Startling pictures from Jupiter 'fly-by'

Nasa has released unprecedented images of Jupiter and its moons, taken by mankind's fastest spacecraft on its way to Pluto.

The New Horizons probe used the gravitational pull of Jupiter to slingshot its way towards its smaller cousin, which it is expected to reach in July 2015.

On its way past, the spacecraft, which is the size of a piano and moving at 50,000 miles an hour, came within 1.4 million miles of Jupiter on February 28, allowing it to take pictures of the planet's moons, rings and the permanent storms that rage in its atmosphere.

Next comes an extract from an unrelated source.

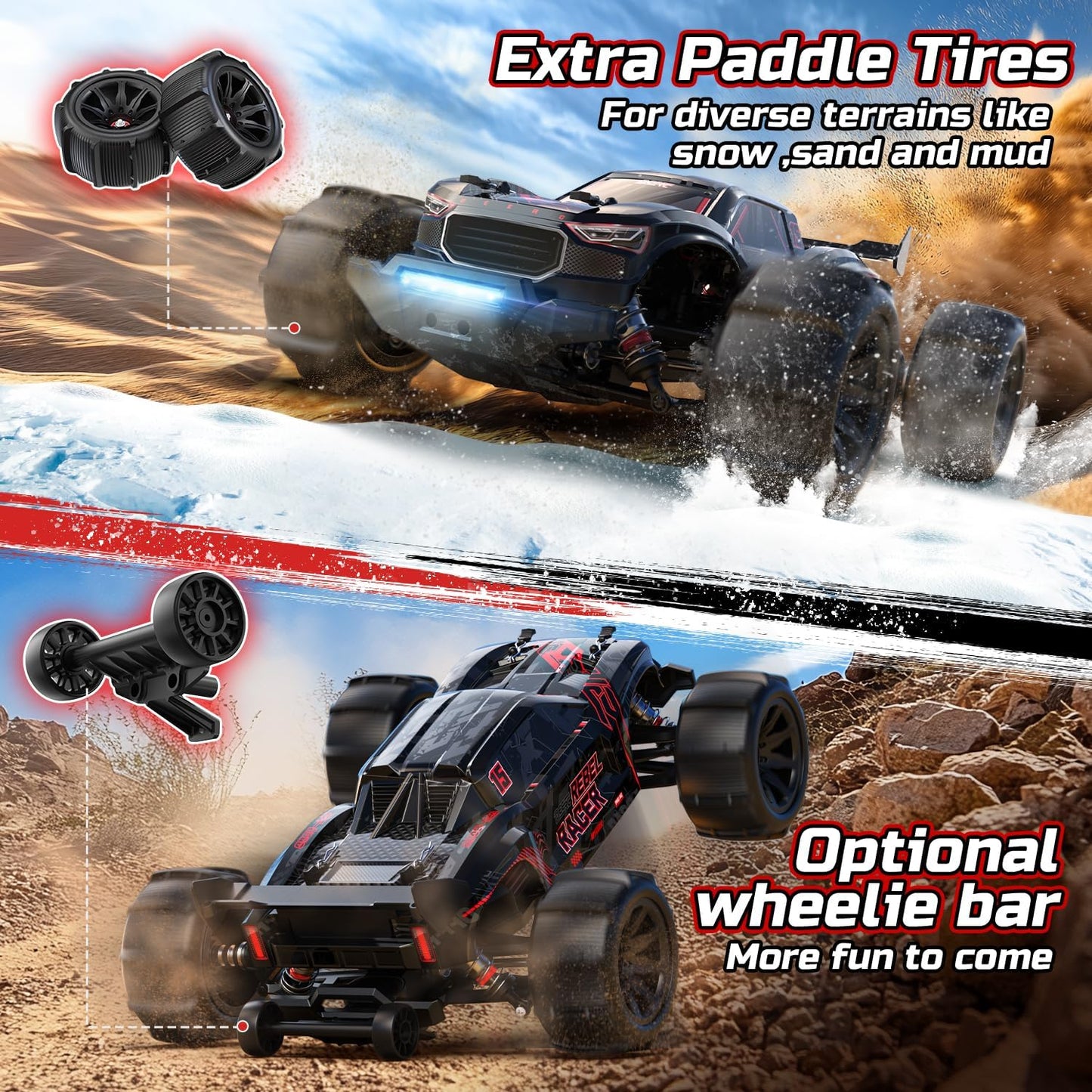 RC Auto 1:14 – Afstandsbestuurbare Auto – Radiografische Auto – Off-Road Auto – Truggy – Borstelloze Motor 75+ Km/U – 4WD Waterdicht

The craft took nearly 700 pictures, of which 70 per cent have now being radioed back to Nasa across the intervening 600 million miles of space.

"Aside from setting up our 2015 arrival at Pluto the Jupiter flyby was a stress test of our spacecraft and team and both passed with very high marks," said Alan Stern, the mission's principal investigator.

"We'll be analyzing this data for months to come; we have collected spectacular scientific products as well as evocative images."

Among the most prized images are the best ever pictures of the "Little Red Spot", a storm that is younger and smaller but equally violent as "The Great Red Spot", a great spiral of Jovian winds whose diameter is the same size as Earth.

"This is our best look ever of a storm like this in its infancy," said Hal Weaver, a New Horizons project scientist who helped build the spacecraft.

"Combined with data from telescopes on and around Earth taken at the same time New Horizons sped past Jupiter, we're getting an incredible look at the dynamics of weather on giant planets."

The spacecraft, launched 13 months ago at Cape Canaveral, also managed to capture images of a volcanic eruption on Io, one of Jupiter's four moons. The plume from the eruption reached 200 miles into space.

The craft also sent back evidence of an apparently recent impact into one of the planet's rings.